BAR HARBOR — True Muzzy knows his marine animals.
Or at least he’s learning about them. The 6-year-old Tremont boy and his 23-month-old little brother, Jeremiah Muzzy-Chaplain, spent part of their afternoon Sunday exploring the exciting world within an intertidal zone.
And they didn’t even get their feet wet.
Both boys turned out for the opening of College of the Atlantic’s Museum of Natural History, which recently relocated to a larger building. The new site, once the headquarters of Acadia National Park, boasts more than 35 exhibits, including an indoor intertidal pool, a whale skeleton, and dozens of mounted animals.
But True Muzzy and his brother appeared to like the intertidal pool the best. If the two weren’t poking or prodding at starfish and horseshoe crabs, they were dodging squirts of water from a sea cucumber or straining to pet a sponge. To Gail LaRosa, the museum coordinator, that’s just the kind of enjoyment the museum is supposed to provide.
“It reflects the mission of the college,” LaRosa said of the exhibits, and the response they evoke in children. “A mission which is the study of human ecology … how humans, animals and the environment interact.”
The museum creates its exhibits through the donations of animals from veterinarians, park staff and local police. Many of the specimens died when hit by passing cars, while others were found in the forests or washed up on shore. “We don’t do any active collecting,” LaRosa said.
But in the museum the creatures live on, frozen in time as they pounce on prey, nestle with each other or dive for the water. Each individual exhibit features at least one of the animals, some of which explain the effects of human pollution and waste on wildlife.
Many of the exhibits are created through course work at the college.

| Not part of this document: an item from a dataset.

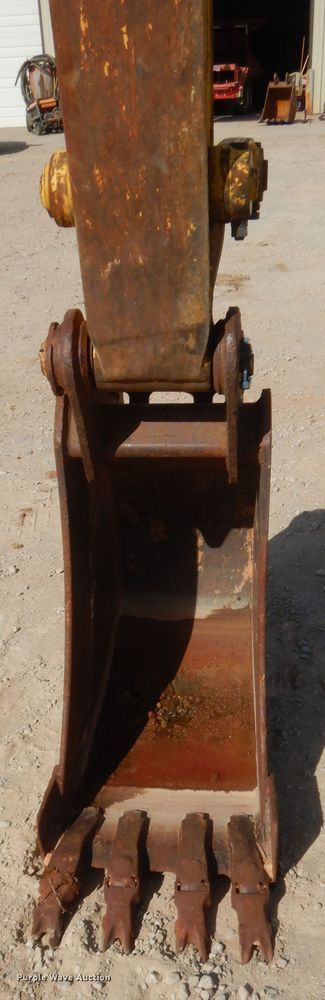 image for item HG9666 2008 Komatsu PC78MR-6  mini excavator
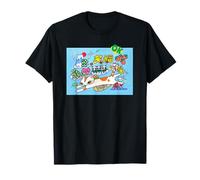 Aterno, Buena Suerte, Gato, Animal Camiseta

“What really makes this museum unique is that it is a student-produced museum,” LaRosa said. “They learn to preserve plants … to do the taxidermy. That you don’t often see in college natural history museums.”
Perhaps the highlight of the museum is the skeleton of a True’s beaked whale. The creature, which is about 10 feet long, was named by its discoverer, Frederick True. The museum is the only place in Maine, and one of only nine places in the United States and Great Britain, that the whale can be viewed. The creature makes its home in the depths of the North Atlantic where it is believed to feed mostly upon squid.
The museum is funded through the college, but also makes use of grants and donations. Coming exhibits will feature photos of endangered animals taken by photographer Rosamond Purcell and an exhibit of the endangered species of Maine.
The museum is open to the public from 10 a.m. to 5 p.m. Monday through Saturday, until Sept. 4. Once classes resume the museum will be open from 1 to 4 p.m. Thursday, Friday and Sunday, and from 10 a.m. to 4 p.m. Saturdays.